With the adoption of the Energy Efficient Ethernet (EEE) standard, latency will increase. This can compromise the use of EEE switches in low latency applications, such as High Performance Computing. Here's, a simple technique to reduce the latency in store and forward switches showing that it can effectively mitigate the effects of EEE in switch latency.
The success of Ethernet as a dominant technology for wired Local Area Networks (LANs) has motivated an increased interest to use Ethernet technology in environments that require low latencies. With the adoption of the new Energy Efficient Ethernet (EEE) standard in coming generations of Ethernet switches, latency will increase. This can compromise the use of EEE switches in low latency applications, such as High Performance Computing. In this article, a simple technique to reduce the latency in store and forward switches is presented showing that it can effectively mitigate the effects of EEE in switch latency.
The wide adoption of Ethernet technology in LANs has enabled economies of scale, thus reducing the cost of Ethernet equipment when compared with other alternative technologies. This in turn has motivated an increased interest to use Ethernet in applications for which it was not originally intended, such as real-time industrial systems [1] and high performance computing clusters [2]. In these new applications, low latency is critical and special care must be taken, both in the network topology and in frame transmission ordering, to ensure that latency requirements are met [1].
The IEEE 802.3az (Energy Efficient Ethernet) task force is currently working on a new Ethernet standard that will greatly reduce the energy consumption of Ethernet transceivers [3]. Additional energy savings can be obtained in other elements of the switches when EEE is implemented [4]. The EEE standard proposes the use of a low power mode when there are no frames to transmit. This allows most of the transceivers elements to be put into a quiet state, greatly reducing the energy consumption. When new frames arrive, the transceivers are awakened and the link is activated such that transmission can take place. Additionally, periodic refresh intervals are scheduled when the transceiver is in low power mode to ensure that the receiver elements are aligned with the current status of the channel.
The overall operation of EEE is illustrated in Figure 1. An initial evaluation of the expected performance of EEE in terms of Energy savings shows that significant savings can be obtained when the links operate at low loads [5].
As shown in Figure 1, when a frame arrives for transmission and the link is in the low power mode, it has to wait until the link is activated before transmission can begin. This introduces additional latency which is on the order of microseconds. Table I shows this additional latency for different link speeds as specified in [6]. This latency increase will not be an issue for most LANs configurations, but can compromise the performance in low latency environments such as real time industrial systems and high performance computer clusters. In this work, a technique to reduce this additional latency increase in Ethernet switches is presented.
Early Destination Lookup
In a switch, the use of EEE will cause additional latency when the frame's destination port is in low power mode. Today most Ethernet switches are store and forward. That is, they entirely receive a frame before forwarding it.

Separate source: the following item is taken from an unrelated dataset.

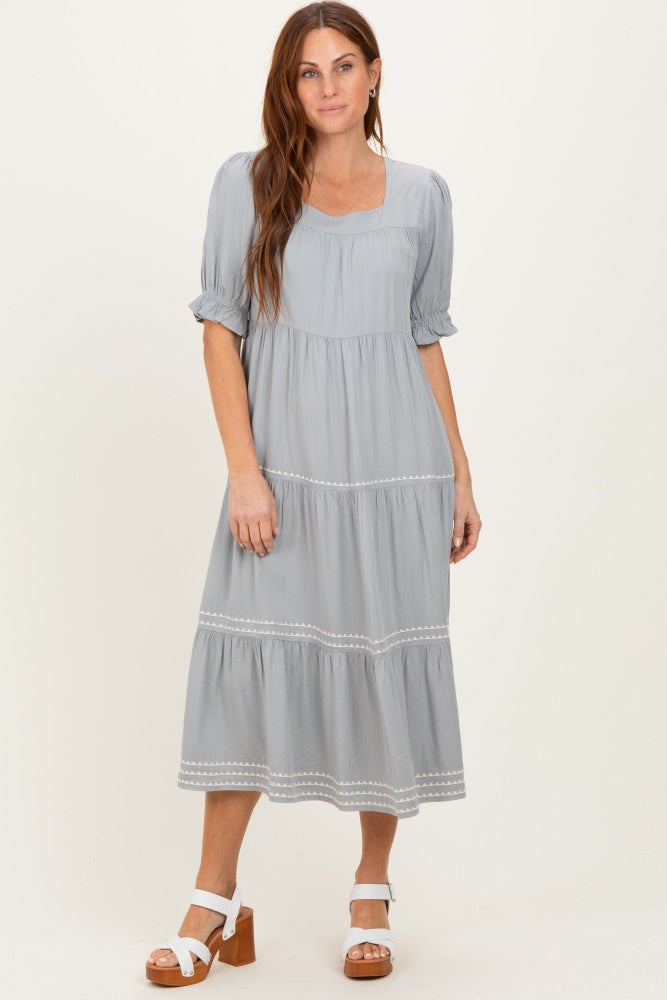 Grey Embroidered Tiered Midi Dress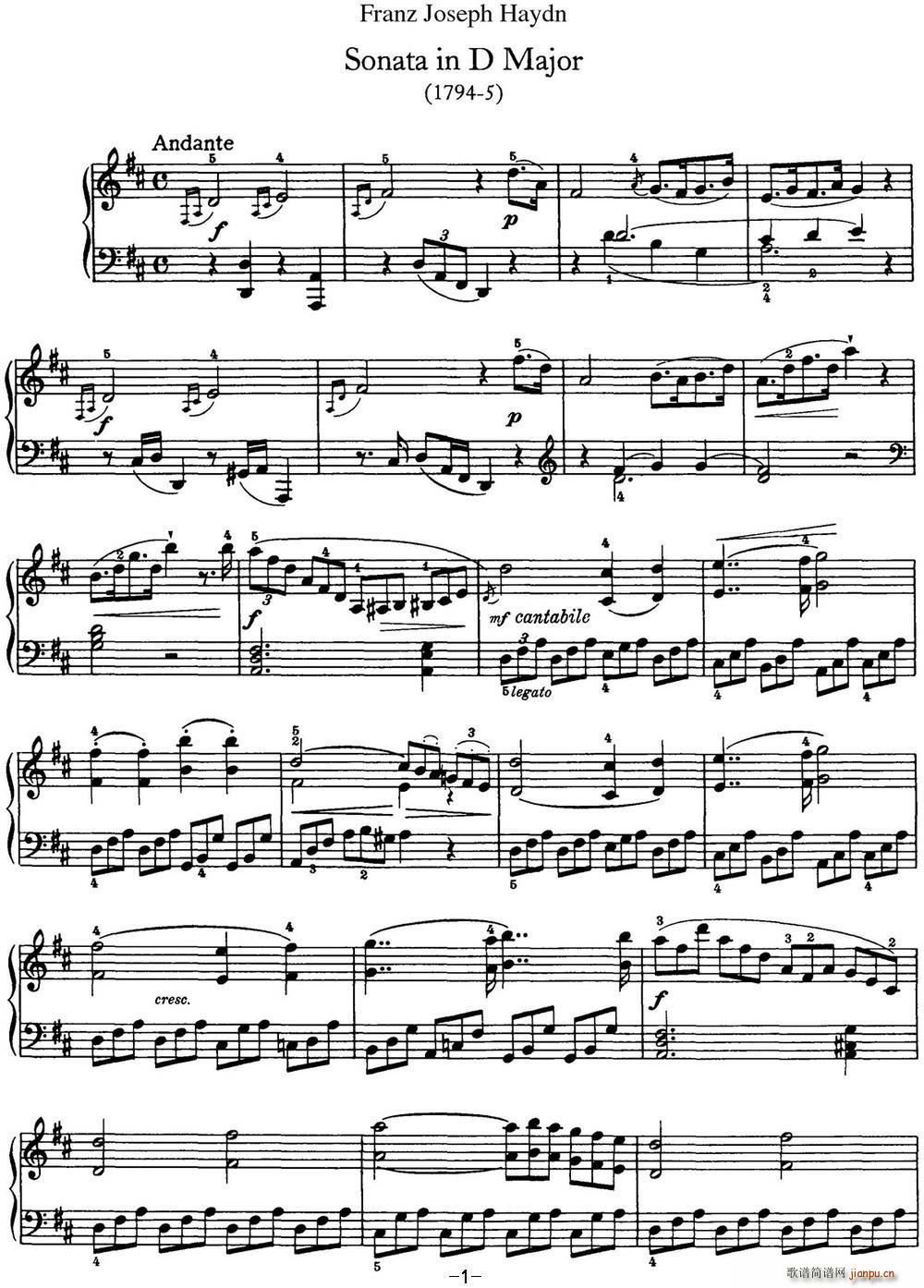 海顿 钢琴奏鸣曲 Hob XVI 51 in D major1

For those switches, the destination port will be determined after the frame is completely received and only then the outgoing port will be activated. To reduce latency, we propose an early destination lookup once the destination address is received to obtain the destination port before the frame has been completely received. This is possible because the destination address is at the beginning of the Ethernet Frame as illustrated on Figure 2.
If the destination port is in low power mode, activation can take place while the rest of the frame is being received in the incoming port. This is similar to cut-through switching, in which an early destination lookup is performed so that frame transmission can start on the outgoing link while the rest of the frame is being received [7] . However, in the proposed approach, the early lookup is only used to wake the outgoing link, so that additional frame processing on other parts of the frame can be done before a final forwarding decision is made. If a decision is made to not forward the frame, for example, due to security reasons, the only cost would be a small amount of energy wasted on waking up the outgoing link. However, if the frame is forwarded as normal, then the latency required to wake the destination overlaps with frame reception and is reduced or eliminated.
To assess the benefits of the proposed approach, frame sizes of 60 bytes and 1500 bytes will be considered. They correspond to small and large frames, and represent the two extreme cases in terms of latency and benefits of the proposed solution. Coincidently these frames are commonly found in LAN traffic as shown in Figure 3. It will also be assumed that the early destination lookup will enable us to start link activation once the first six bytes of the frame (containing the destination address) are received.